I’ve been a MacPorts user for a very long time, so when I heard about Homebrew, I looked into it, but didn’t see anything compelling enough to convince me to switch. That changed today.

I’m starting a new Rails project. I want to use Ruby 1.9.3 from the beginning to ease a future upgrade to Rails 4.0, which will require it. This presented a few issues I had to work through for my development and production environments.

Mac OS X ships with Ruby 1.8.7, but I’ve been using RVM to manage different Ruby versions in development and it’s worked fine. Debian is my preferred server distribution and the latest stable release includes Ruby 1.9.2-p0.

I’m not completely comfortable with using RVM in a production environment, and I don’t want to take on the work of installing my own Ruby entirely by hand, so this led me to look at rbenv, a lightweight alternative to RVM. It seems better suited for use in a production environment. I like to match development to production when possible so there are less things to remember, and so I switched to rbenv on my development machine, as well. Paired with ruby-build, it gives me the important features I used from RVM (I never made much use of gem sets).

It did not go well.

$ rbenv install 1.9.3-p0
$ RBENV_VERSION=1.9.3-p0 gem install bundler rails
$ rbenv rehash
$ RBENV_VERSION=1.9.3-p0 rails new app
...
/Volumes/User/Steve/.rbenv/versions/1.9.3-p0/lib/ruby/1.9.1/net/http.rb:799: [BUG] Segmentation fault
ruby 1.9.3p0 (2011-10-30 revision 33570) [x86_64-darwin11.3.0]

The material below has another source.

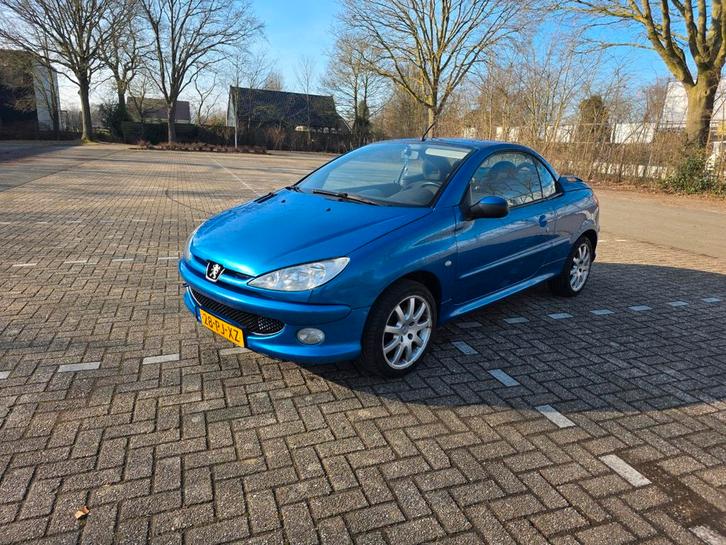 🚗 PEUGEOT 206CC 1.6 16V  BJ 2004 🚗, Auto's, Fiat, Particulier, Benzine, Euro 5, A, Hatchback, Handgeschakeld, Origineel Nederlands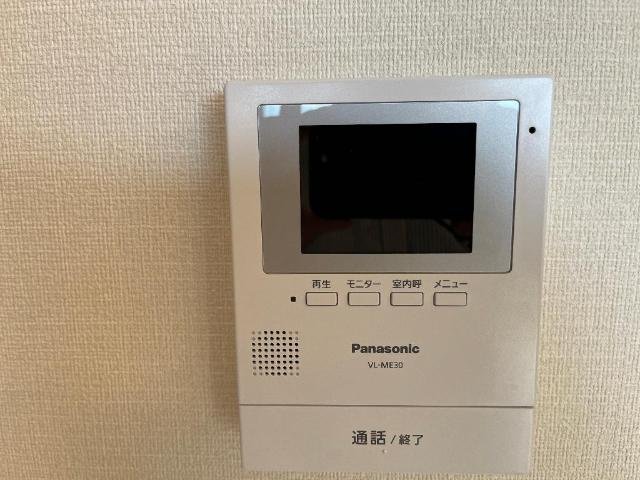 サンフォレスタ（SUNFORESTA）の内装|カメラ付インターホン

Searching for solutions led me to suspect that this is due to a library version mismatch between the compiled Ruby and a gem. MacPorts can make this more common, because unlike Homebrew, it imposes strict control over dependencies and will install a new version of something (e.g., OpenSSL) even if Mac OS X ships with an older one that would work fine.

Rather than track down the problem library, then figure out how to ask rbenv to link with a different version of it, I decided to try Homebrew.

It worked flawlessly. The error when creating a new Rails project is gone.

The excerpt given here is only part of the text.